Büyük küçük onlarca şehirde son beş on yıl içinde öyle muazzam bir dönüşüm oldu ki, bazı şehirlerimiz Avrupa şehirlerine fark bile atıyor.
Erzurum ise geriledikçe geriledi, sonunda iri bir köy görüntüsüne kavuştu.
Yol yok, altyapı sıfır, gecekondular şehrin göbeğinde...
Seçimden seçime hatırlanan projeler ise tozlu raflardaki yerlerini aldı bile..
Yerel yöneticilerimiz, yani özellikle belediye başkanlarımız konuştuklarında mangalda kül bırakmıyorlar; öyle bir esip savuruyorlar ki sanırsınız bu şehir kıyama kalkacak ve bir iki yıl içinde tanınmaz hale gelecek.
Hikaye...
Adam boşuna Halep ordaysa, arşın burada dememiş.
Madem kentsel dönüşüm diyorlar, hiç olmazsa minnacık bir kazma vursalardı da biz de niyet artık eyleme geçiyor diyebilseydik.

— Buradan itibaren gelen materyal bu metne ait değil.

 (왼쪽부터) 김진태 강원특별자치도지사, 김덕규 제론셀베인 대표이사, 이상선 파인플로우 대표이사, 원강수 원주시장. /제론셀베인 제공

Bakıyoruz, görüntü aynı ama sorunlar giderek artıyor.
Başkanlar ise tribünden dahi izlemeye tenezzül etmiyorlar.
Ya Çünkü biliyorlar ki bu şehirde iş yapmayan kimse sorgulanmaz, hesap sorulmaz. Bilakis iş yapan insanlar tehlikede...
Neyse ki hükümet spor tesislerini yapıyor da hiç olmazsa 2011'in resmi müsabakaları sorunsuz olup bitecek. Erzurum'un dünya kenti olma hayalinin gerçekleşmesi de başka bir bahara kalacak...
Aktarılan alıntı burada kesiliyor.